On vous portera ce mot demain matin et on ne me donnera votre réponse qu'à 10 heures (comme cela je serai chez M. Neveu à onze heures) à moins que vous ne mettiez sur l'enveloppe qu'on me la donne avant dix heures, mais à moins que cela ne soit utile, non et alors ne mettez rien sur l'enveloppe ou enfin comme vous voudrez. Dans cette réponse vous me mettez où je dois trouver M. Neveu, si c'est ma carte ou la vôtre que je dois lui faire passer, ce que je dois lui dire, si je dois le remercier, s'il me connaissait etc etc etc. J'ai bien peur que cela ne marche pas, mes parents trouveront je le crains que c'est trop peu de chose, car,j'avais dû y entrer avant ma licence 2. Sans cela ce serait un rêve. Que vous êtes bon Reynaldo. Maman était émue de votre gentillesse et je vous remercie et vous embrasse de tout mon cœur. Je vous avais apporté des petites choses de moi et le début du roman 3 que Yeatman lui-même près de qui,j'écrivais a trouvé très poney. Vous m'aiderez à corriger ce qui le serait trop. Je veux que vous y soyez tout le temps mais comme un dieu déguisé qu'aucun mortel ne reconnaît. Sans cela c'est sur tout le roman que tu serais obligé de mettre " déchire ". Je viens d'avoir le courage de rendre un billet à Delafosse. Je trouve que les 60 francs que cela fait, suffisent. puisque cela se renouvelle tous les ans 4.

Ton ami

Marcel.


1. Hahn 52-53 (n° XXXV). Lettre que je date par les allusions au " début du roman " (voir la note 3 ci-dessous) et au billet rendu à Delafosse (voir la note 4). Comme il s'agit évidemment des deux concerts que ce dernier allait donner en public le 21 et le 28 mars 1896, Proust doit écrire peu de jours avant le 21 mars 1896, date du premier des deux concerts.

2. Il s'agit de sa licence ès lettres, que Proust obtint le 27 mars 1895. Il l'avait préparée afin d'être qualifié pour un poste de bibliothécaire. N'ayant pu obtenir celui d'attaché à la bibliothèque Mazarine, il espère être nommé à la bibliothèque de l'Ecole des Beaux-Arts. Pol-Louis Neveu (1865-1939), après avoir été attaché à la bibliothèque de la Mazarine et secrétaire personnel de Leygues alors que celui-ci était ministre de l'Instruction publique, fut nommé, en novembre 1894, sous-bibliothécaire à l'Ecole des Beaux-Arts (Chronique des Arts, 24 novembre 1894, p. 282). En 1898 il fut nommé chef adjoint au cabinet du ministre de l'Instruction publique et des Beaux-Arts (Qui êtes-vous ? 1908, p. 362).
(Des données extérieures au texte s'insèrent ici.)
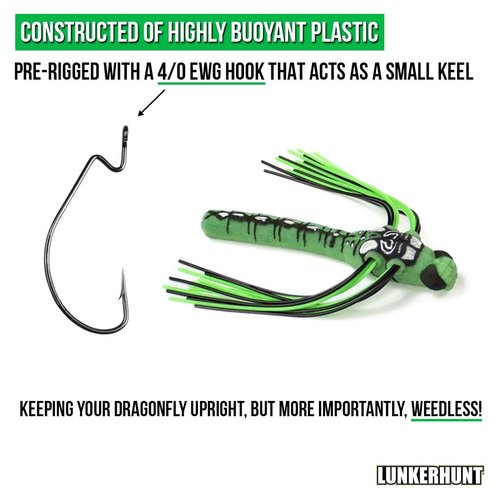 Lunkerhunt Dragonfly Lure | Most Realistic Topwater Fishing Lures for Bass, Double Skirted Wings, Perfect Trouth and Pike Lure, Weedless Bait (Pondhawk)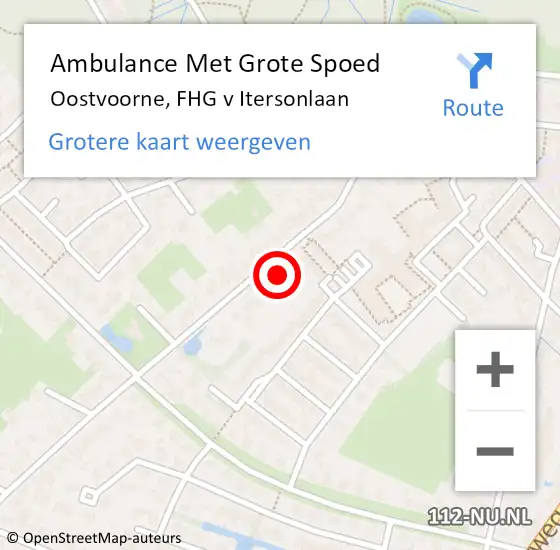 Locatie op kaart van de 112 melding: Ambulance Met Grote Spoed Naar Oostvoorne, FHG v Itersonlaan op 26 maart 2023 01:33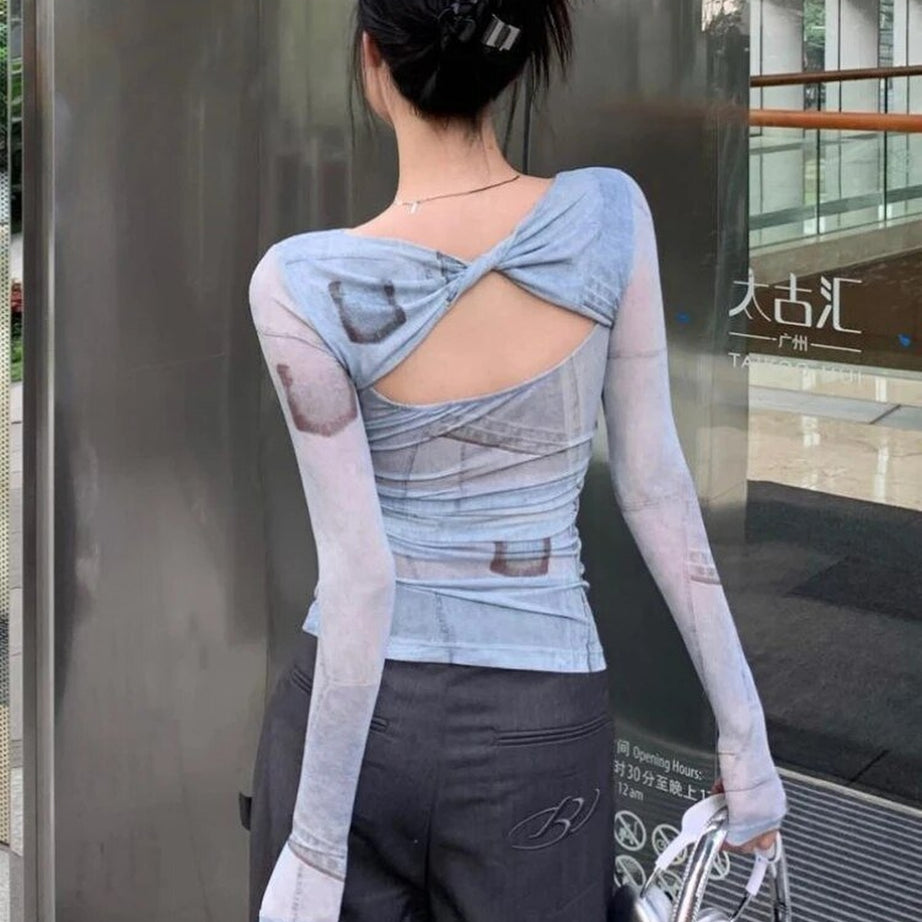 Y2k Hollow Out Creative T-shirt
3. Le début du roman : il s'agit de Jean Santeuil, que Proust avait commencé à écrire à Beg-Meil en septembre 1895. Il vient d'ajouter un premier chapitre, ou prélude, le récit de la rencontre de l'écrivain G., qui laisse en mourant le manuscrit de son roman sur Jean Santeuil. (Voir mon Historique du premier roman de Proust, dans Saggi e ricerche di letteratura francese, vol. IV (1963), p. 235.)

4. Léon Delafosse donna à la salle Erard deux concerts cette année-là, lesquels eurent lieu les samedis 21 et 28 mars 1896 (Le Gaulois des 23 et 30 mars 1896). Ces concerts furent donnés sous le patronage de Montesquiou, qui veilla à ce qu'il y eût affluence mondaine.